READ MORE: ‘Damning revelation’: Cuts to disability benefits ‘killed 60’ in 3 years – report

Duncan Smith went on to say Britain’s electorate have long wanted a referendum on Britain’s EU membership. He said a failure to vote for the Tories on Thursday amounts to the sacrifice of such a referendum – a development that will not be forgiven.

On Tuesday, PM David Cameron will embark on a 36-hour tour of the UK in advance of Thursday’s vote in an effort to increase Tory support in scores of constituencies that could propel his party toward an electoral victory.

In a campaign rally, the PM will encourage people voting for UKIP or the Liberal Democrats to back the Tories instead, and avoid the “chaos” a Labour government dependent on “back-room deals, bribes and ransom notes” would reap.

Cameron’s tour will pass through dozens of locations in London, the Midlands, the South West, North West, Wales and Scotland.

Chancellor of the Exchequer George Osborne will also travel through target constituencies in a bid to woo voters ahead of May 7.

Both PM David Cameron and Deputy PM Nick Clegg are heavily focused on how to cling to power in the event the outgoing coalition government forfeits its Commons majority.

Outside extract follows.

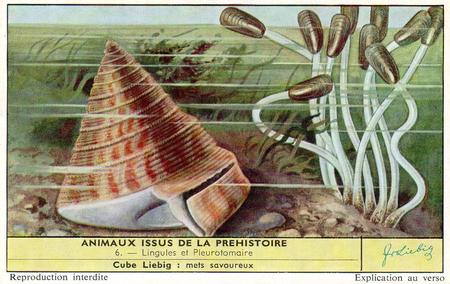 1959 Liebig Animaux issus de la prehistoire (Living Prehistoric Animals) (French Text) (F1701, S1705) #6 Lingules et Pleurotomaire Front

Polls across the country consistently suggest a hung parliament is likely, with the Conservatives predicted to win slightly more seats than Labour. Analysts argue the Liberal Democrats’ loss of a considerable share of seats will mean another Conservative-Lib Dem coalition will not secure a majority in the Commons.

In such a scenario, observers predict Cameron will insist on remaining in Downing Street rather than allow Labour the opportunity to form a government.